Feat: structured session options and extensions array (#106)#116
kibae merged 1 commit into
mainfrom
feat/session-options-restructure

Conversation

@kibae
Copy link
Copy Markdown
Owner

@kibae kibae commented May 10, 2026

Summary

Closes #106.

The asymmetry reported in #106ortextensions_path was reachable through the HTTP request body but not through ONNX_SERVER_PREPARE_MODEL because the env-var grammar only forwarded cuda — turned out to be the tip of a larger contract problem. The same option grammar that could not carry ortextensions_path also could not carry any other useful ORT session knob, and the response echo silently asserted that options had been applied even when ORT had ignored them.

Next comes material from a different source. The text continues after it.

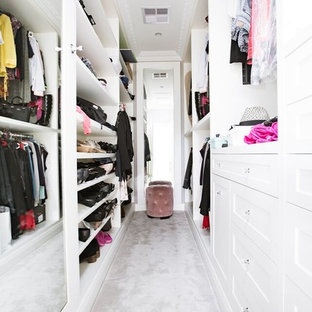 Exempel på ett mellanstort modernt walk-in-closet för könsneutrala, med skåp i shakerstil, vita skåp, heltäckningsmatta och grått golv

This PR fixes #106 by restructuring the option surface so the same set of keys is reachable from both the env-var path and the HTTP path, and so response echoes only contain values that ORT actually applied.

Option grammar (env var / --prepare-model)

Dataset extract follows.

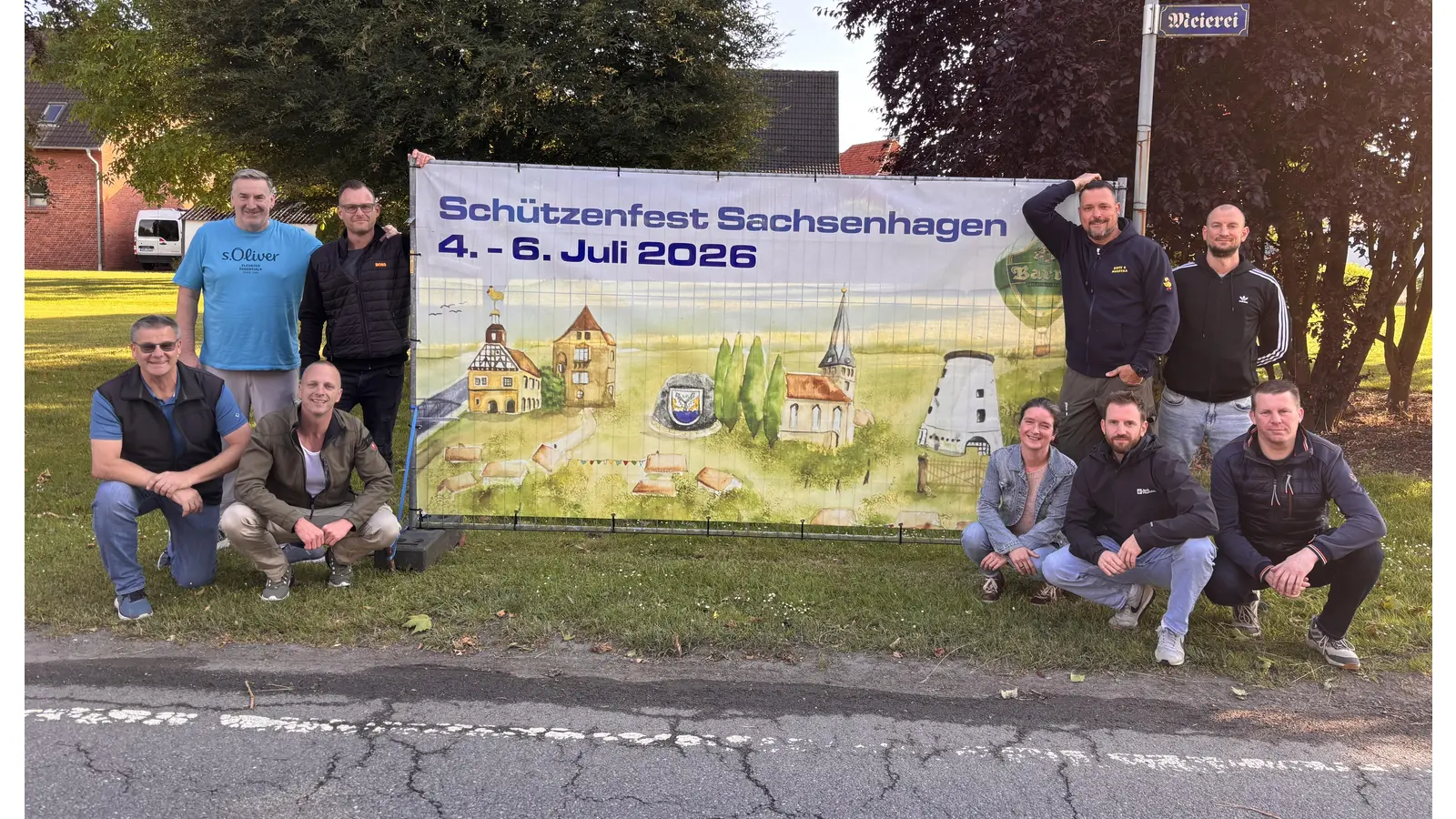 Bürgermeister Ralf Hantke (v.l.), Major Reinhard Geisler, Adjutanten Lars Engelking und Nico Brandt, Rottmeisterin Andrea Lampe-Pelger, Rottmeister Andreas Meister, Dustin Gerland, Christopher Wulf und Stefan Kienapfel. (Foto: privat)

  • Dotted keys map to nested objects: cuda.device_id, session_options.intra_op_num_threads.
  • Repeating extensions accumulates a deduplicated array.
  • Legacy ortextensions_path is normalized into the extensions array.
  • Malformed option entries are skipped silently rather than failing the whole list.
  • Existing inputs (cuda=true, cuda=1) keep working unchanged.
ONNX_SERVER_PREPARE_MODEL="bert:v1(cuda.device_id=0, cuda.gpu_mem_limit=2147483648, session_options.intra_op_num_threads=4, extensions=/usr/local/lib/libortextensions.so)"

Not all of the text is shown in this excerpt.